His momentary musings were interrupted by a feminine voice. A growly older man answered her soon after. Myrkas assumed she was the same girl who had been so happy to see him, though he still could not recall if he was supposed to know her.
He quickly decided to keep his eyes closed to gather clues the others might reveal while he still appeared to be sleeping. The important people - though Myrkas wasn't sure who, why or when- tended to talk around him, about him. They discussed critical decisions at his bedside, usually when he looked asleep. While Myrkas' memories of those occurrences were vague, he knew it was a tried and proven technique to gather intel.

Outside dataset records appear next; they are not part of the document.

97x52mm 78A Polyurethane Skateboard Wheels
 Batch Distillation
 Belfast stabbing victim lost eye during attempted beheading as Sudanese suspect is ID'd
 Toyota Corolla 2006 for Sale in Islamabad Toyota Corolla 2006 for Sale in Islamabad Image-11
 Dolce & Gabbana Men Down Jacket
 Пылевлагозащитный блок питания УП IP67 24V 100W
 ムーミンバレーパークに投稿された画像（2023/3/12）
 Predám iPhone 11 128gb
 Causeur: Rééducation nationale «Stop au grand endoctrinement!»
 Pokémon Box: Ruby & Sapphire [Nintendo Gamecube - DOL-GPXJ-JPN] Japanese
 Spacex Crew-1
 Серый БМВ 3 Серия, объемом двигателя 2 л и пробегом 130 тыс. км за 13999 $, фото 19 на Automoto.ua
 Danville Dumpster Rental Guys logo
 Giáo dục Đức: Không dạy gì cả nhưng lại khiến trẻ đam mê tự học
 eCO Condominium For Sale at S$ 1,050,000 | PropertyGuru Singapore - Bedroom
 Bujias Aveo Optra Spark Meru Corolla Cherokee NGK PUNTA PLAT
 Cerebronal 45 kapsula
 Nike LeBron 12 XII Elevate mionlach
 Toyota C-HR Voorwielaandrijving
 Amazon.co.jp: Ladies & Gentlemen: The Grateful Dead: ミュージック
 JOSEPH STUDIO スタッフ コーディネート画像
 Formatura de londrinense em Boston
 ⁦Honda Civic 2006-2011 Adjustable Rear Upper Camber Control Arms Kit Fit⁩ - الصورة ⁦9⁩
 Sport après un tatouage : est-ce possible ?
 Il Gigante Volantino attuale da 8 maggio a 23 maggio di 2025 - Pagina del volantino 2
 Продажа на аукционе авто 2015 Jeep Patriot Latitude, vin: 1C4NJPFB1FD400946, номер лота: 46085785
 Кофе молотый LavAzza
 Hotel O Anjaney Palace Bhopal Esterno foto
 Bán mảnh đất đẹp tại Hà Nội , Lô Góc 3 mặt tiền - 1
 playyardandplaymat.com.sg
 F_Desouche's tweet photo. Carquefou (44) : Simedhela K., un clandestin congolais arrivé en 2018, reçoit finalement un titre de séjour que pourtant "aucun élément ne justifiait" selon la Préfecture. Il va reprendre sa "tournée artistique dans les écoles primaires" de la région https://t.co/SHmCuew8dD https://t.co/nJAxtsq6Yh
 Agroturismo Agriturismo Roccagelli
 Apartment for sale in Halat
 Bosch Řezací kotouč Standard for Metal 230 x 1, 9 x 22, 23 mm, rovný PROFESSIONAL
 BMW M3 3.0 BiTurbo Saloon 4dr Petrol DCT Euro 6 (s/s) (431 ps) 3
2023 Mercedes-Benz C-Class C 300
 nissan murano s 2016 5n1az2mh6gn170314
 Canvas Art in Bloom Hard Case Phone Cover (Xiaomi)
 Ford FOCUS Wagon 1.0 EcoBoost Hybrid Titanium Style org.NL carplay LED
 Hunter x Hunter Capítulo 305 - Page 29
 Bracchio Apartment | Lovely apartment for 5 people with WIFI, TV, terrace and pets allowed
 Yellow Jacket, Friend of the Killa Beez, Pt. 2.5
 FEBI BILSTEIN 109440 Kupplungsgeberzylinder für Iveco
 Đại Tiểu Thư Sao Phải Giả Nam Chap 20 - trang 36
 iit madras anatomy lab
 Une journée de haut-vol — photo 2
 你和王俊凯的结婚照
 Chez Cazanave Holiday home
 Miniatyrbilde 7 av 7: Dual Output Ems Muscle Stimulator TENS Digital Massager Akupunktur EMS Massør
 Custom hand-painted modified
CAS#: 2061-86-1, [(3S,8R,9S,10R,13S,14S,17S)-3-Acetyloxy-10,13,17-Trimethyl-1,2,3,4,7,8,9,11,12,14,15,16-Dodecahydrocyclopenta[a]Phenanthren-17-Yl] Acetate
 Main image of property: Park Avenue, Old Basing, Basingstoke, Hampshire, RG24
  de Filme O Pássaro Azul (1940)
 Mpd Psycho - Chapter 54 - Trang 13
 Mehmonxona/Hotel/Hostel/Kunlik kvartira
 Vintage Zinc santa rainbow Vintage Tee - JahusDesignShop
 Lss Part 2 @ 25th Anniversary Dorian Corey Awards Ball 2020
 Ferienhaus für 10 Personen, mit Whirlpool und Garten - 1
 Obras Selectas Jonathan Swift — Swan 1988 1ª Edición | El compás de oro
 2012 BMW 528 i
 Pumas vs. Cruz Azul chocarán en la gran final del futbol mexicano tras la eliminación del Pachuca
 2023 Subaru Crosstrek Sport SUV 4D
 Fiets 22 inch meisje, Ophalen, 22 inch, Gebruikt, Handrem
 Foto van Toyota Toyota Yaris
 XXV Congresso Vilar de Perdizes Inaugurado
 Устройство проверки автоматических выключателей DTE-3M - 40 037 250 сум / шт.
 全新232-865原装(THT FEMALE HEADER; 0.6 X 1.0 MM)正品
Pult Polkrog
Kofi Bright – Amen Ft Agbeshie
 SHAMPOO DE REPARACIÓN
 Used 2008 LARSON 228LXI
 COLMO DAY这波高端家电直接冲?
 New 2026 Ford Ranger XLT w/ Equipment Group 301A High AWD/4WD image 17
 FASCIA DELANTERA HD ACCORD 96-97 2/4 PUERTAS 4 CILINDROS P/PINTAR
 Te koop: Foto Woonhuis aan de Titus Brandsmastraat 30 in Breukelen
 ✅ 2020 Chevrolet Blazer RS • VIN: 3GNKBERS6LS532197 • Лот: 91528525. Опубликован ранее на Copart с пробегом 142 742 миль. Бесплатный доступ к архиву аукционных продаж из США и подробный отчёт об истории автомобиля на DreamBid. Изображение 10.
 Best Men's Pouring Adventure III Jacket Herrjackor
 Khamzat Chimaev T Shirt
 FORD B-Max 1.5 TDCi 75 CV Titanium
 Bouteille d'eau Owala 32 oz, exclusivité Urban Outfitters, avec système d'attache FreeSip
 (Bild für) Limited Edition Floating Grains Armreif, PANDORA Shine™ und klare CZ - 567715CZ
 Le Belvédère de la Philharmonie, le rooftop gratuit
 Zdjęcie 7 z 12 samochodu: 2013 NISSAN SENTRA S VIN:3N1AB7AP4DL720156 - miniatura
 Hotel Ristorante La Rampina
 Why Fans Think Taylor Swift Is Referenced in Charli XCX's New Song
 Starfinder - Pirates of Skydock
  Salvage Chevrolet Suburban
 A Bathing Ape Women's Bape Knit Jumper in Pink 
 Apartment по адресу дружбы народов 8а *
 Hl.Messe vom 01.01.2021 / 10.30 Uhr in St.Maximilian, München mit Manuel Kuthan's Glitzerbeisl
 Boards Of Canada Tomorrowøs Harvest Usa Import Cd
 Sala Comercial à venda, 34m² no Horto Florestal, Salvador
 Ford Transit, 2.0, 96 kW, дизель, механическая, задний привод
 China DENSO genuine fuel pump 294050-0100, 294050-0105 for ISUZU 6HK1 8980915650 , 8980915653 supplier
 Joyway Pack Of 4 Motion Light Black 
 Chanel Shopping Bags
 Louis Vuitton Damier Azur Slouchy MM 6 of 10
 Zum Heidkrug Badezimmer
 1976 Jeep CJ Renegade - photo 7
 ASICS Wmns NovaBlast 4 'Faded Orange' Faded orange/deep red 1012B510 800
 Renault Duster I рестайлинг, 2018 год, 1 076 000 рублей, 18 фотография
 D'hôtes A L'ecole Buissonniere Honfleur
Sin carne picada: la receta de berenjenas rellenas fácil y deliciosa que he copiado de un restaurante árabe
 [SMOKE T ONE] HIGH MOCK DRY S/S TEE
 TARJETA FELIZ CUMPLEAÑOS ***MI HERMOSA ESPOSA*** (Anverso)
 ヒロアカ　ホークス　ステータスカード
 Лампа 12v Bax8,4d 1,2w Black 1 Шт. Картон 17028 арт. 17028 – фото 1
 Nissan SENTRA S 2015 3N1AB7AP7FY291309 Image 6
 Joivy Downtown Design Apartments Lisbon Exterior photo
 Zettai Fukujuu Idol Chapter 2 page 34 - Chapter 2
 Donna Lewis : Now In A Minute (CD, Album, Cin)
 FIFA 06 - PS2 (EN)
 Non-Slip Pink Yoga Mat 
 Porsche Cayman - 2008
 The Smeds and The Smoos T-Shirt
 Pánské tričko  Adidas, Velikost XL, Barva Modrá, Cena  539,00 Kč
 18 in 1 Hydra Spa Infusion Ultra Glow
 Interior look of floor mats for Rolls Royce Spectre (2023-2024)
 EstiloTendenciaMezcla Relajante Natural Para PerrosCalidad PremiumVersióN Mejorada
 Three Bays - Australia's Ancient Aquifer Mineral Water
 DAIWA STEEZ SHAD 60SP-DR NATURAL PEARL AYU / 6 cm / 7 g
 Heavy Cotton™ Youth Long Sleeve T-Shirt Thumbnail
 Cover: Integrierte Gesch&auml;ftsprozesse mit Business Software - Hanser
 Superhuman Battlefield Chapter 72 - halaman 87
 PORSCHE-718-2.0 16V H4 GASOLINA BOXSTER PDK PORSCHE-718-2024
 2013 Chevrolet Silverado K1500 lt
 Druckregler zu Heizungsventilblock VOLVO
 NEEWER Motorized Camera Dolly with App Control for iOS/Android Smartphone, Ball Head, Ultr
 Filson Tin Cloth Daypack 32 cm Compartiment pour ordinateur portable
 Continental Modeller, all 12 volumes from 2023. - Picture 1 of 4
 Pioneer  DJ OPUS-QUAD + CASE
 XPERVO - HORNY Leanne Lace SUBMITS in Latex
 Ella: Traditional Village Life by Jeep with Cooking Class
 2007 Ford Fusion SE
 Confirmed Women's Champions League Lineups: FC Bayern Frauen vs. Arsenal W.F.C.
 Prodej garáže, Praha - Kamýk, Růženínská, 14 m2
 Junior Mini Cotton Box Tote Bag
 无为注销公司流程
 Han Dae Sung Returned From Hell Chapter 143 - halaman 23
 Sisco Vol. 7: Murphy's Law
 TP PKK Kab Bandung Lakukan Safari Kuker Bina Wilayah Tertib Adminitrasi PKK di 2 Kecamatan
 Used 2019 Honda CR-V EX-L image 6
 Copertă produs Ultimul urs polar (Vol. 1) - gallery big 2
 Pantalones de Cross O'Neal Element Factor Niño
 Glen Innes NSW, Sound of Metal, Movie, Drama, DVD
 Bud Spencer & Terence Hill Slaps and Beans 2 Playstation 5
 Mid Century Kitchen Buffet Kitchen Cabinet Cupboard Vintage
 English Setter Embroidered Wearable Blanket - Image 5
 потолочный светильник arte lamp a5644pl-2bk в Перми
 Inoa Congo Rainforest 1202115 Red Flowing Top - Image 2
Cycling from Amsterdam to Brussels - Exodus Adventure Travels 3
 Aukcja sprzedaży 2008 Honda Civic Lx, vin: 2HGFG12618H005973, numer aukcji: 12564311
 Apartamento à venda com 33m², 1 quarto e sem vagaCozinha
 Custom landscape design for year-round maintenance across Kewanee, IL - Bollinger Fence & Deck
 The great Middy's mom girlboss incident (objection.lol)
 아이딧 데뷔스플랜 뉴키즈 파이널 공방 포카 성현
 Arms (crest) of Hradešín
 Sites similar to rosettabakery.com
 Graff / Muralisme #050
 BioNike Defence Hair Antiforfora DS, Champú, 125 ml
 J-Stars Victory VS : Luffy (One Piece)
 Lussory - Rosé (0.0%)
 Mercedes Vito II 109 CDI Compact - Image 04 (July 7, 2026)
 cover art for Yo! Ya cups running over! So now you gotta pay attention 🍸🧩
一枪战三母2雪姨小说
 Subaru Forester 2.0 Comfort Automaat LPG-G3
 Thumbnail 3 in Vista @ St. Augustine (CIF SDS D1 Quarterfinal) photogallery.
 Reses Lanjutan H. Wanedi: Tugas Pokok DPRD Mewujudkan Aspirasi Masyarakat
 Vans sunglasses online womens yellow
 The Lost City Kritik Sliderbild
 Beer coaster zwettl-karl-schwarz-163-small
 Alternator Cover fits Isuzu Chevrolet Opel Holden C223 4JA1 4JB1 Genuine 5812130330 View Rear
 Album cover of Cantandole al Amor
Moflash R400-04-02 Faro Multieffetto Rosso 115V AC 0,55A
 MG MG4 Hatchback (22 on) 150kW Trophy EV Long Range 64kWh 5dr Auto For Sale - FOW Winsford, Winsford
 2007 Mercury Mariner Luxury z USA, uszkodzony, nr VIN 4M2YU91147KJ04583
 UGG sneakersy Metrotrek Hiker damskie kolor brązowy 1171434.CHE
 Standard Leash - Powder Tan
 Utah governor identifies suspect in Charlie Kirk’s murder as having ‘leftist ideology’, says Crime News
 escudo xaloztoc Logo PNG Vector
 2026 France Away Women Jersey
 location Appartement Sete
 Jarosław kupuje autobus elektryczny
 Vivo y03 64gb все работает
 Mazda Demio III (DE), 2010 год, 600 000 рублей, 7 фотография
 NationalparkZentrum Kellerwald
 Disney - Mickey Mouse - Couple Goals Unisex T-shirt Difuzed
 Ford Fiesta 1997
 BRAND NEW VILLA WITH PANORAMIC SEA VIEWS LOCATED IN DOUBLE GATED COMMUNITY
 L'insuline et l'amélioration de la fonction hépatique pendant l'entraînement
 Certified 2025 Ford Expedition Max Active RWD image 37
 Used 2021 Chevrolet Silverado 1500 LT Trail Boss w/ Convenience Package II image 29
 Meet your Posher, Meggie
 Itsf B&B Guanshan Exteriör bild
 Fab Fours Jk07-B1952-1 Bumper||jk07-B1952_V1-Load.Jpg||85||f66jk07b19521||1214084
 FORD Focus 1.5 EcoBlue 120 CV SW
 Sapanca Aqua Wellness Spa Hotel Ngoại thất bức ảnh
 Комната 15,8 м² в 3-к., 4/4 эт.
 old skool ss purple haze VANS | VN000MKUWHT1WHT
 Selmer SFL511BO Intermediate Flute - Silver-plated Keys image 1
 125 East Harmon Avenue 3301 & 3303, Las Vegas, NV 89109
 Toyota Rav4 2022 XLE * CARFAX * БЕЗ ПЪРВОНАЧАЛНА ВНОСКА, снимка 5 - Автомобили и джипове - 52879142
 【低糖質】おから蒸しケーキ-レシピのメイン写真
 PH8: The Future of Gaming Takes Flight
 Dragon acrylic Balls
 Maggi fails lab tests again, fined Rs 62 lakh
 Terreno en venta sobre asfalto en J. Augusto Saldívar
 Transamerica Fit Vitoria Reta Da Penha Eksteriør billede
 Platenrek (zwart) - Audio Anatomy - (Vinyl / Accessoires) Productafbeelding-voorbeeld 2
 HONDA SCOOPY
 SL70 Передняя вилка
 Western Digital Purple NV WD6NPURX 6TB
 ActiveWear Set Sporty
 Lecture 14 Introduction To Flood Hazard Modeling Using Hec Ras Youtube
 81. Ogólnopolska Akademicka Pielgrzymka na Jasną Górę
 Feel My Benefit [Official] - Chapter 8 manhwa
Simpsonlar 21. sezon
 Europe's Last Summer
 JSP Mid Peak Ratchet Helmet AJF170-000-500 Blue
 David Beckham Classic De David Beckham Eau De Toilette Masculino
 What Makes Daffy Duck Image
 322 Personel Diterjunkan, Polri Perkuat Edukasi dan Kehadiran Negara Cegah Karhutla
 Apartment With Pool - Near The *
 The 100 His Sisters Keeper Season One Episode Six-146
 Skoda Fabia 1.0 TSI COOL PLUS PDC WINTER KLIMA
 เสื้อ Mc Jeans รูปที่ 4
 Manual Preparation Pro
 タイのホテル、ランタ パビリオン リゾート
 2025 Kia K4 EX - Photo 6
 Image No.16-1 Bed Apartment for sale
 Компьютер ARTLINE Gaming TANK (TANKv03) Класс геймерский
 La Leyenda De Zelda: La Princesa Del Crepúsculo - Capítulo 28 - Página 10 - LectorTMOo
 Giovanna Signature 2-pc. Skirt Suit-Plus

So he kept his eyes closed, his ears opened, and his breathing regular - once again deeply grateful to all available superior beings for his seamlessly working lungs.
"We could try smelling salts at least, Master Hakhmir. It should be harmless enough by now," the girl said.
"Nirrina, girl, it's not his body that's the problem," the older man replied. "The burns are all healed, with almost no traces left from the fire. Myrkas' lungs have little residual damage anymore. No girl, the problem lies in his soul. It's cracked. Still fracturing as we speak. That is a whole other monster, one you don't mess with lightly."
"But how? Myrkas never cultivated. He never received any aid or resources. How could his soul be damaged?
"Myrkas was awake, I saw it right before he fainted. It has to be a good sign, no? Is there really nothing to try? He is my only family. Please, I beg you, I will do anything," Nirrana said, sniffling. Her sobs were subdued as if she tried to keep them inside.
"I don't know girl, I don't know. It is what it is," the man replied softly. "However it happened, the fact remains. I'll look at him again though. We should aim to make him stand until the end of the prayers at the very least."